London is the greenest city of its size in the world and is bursting with perfect open spaces to have a picnic. The world famous Hyde and Regents Park are great, but there’s a hidden gem in north London that is well off the beaten track—literally!
The Parkland Walk runs for four miles from Finsbury Park to Alexandra Palace, following a disused railway line, and offers an unusual and unique view of the city. Disembark at Finsbury Park tube station, head along Seven Sisters Road and then follow the western edge of the park—which runs parallel to the railway line—until you reach a footbridge. The start of the walk is opposite, beginning quite abruptly, a little higher up than would appear to make sense: the line would have crossed over the other lines below and then passed through the park roughly where you have just walked.
There are well signposted access points along the route, and it’s funny to think you’re walking where trains once travelled and you can actually see what the driver saw. As you’d expect, everything is overgrown, but the path is kept clear. You really could be in the middle of the countryside.

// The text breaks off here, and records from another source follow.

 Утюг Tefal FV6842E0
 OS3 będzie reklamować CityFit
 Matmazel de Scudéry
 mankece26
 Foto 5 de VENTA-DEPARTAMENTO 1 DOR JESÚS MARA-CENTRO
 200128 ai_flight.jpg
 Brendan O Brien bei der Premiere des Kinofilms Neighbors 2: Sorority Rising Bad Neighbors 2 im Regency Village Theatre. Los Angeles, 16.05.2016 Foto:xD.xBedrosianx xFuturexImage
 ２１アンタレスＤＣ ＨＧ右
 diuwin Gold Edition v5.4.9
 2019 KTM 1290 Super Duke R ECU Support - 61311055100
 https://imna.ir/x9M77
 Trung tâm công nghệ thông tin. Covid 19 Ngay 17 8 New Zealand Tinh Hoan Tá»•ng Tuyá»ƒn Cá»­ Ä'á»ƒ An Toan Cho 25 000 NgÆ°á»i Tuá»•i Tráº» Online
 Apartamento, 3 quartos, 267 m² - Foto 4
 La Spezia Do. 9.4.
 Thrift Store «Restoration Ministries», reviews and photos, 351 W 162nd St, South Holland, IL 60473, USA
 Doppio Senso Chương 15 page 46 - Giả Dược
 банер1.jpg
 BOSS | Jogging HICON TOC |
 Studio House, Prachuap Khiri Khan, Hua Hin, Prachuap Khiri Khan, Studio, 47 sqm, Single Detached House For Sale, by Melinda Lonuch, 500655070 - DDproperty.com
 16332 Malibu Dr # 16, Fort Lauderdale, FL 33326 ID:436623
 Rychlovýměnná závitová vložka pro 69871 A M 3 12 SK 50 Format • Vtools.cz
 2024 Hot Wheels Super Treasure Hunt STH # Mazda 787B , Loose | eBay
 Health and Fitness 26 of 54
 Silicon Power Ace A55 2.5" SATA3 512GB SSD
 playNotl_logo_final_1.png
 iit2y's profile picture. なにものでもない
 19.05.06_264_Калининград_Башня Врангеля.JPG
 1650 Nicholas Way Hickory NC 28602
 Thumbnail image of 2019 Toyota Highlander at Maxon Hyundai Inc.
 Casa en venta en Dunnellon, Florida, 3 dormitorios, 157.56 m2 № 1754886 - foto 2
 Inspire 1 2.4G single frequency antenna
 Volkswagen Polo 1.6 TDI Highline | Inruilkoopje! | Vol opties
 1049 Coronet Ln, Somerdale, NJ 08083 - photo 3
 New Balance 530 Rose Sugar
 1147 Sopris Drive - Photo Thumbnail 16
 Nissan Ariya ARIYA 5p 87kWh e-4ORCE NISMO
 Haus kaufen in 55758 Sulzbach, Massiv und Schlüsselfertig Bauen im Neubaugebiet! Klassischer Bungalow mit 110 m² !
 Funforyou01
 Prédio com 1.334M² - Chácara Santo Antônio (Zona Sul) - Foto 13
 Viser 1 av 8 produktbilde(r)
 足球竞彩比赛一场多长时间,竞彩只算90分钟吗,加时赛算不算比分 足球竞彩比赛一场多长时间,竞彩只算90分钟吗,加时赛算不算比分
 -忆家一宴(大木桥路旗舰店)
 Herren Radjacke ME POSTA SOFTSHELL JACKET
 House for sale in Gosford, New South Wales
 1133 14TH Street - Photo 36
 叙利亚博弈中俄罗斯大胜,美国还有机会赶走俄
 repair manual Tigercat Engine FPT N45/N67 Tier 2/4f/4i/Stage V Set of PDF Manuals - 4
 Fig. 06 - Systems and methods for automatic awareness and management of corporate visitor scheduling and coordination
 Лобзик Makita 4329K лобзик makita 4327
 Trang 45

The railway was built in 1867, but hasn’t seen a passenger train for more than 50 years since the steam trains stopped in 1954. The line, known as ‘Northern Heights’, was open for freight traffic until 1971 and 13 years later the tracks were removed and the path was renamed Parkland Walk, the longest and flattest local nature reserve in London.
The low autumn sunlight shooting between the trees and brick structures provides a beautiful backdrop to the gently winding route. Street art and graffiti is visible along most of the path, and some weird and wonderful sculptures jump out of the walls when you least expect it—particularly the ‘Spriggan’, by local artist Marilyn Collins. Urban myth suggests it depicts the supernatural creature that picked off walkers in Stephen King’s horror story Crouch End, but don’t let that put you off!
The narrow strip of woodland and miniature meadows dissects residential streets and is home to 22 species of butterfly, hedgehogs, glow-worms, and foxes. You’ll also discover patches of acid grassland, the ideal habitat for a colourful range of grasshoppers and the rare field cricket.
Most of the walk’s tunnels are closed, but a few arches remain, draped in various foliage and plants, providing an autumnal palette of colours all year round. Once you’ve meandered past a large disused substation and a series of more arches, the path heads underneath a row of roads to reach the disused Crouch End station, your picnic destination!
The two platforms are a truly unique setting for a capital city lunch.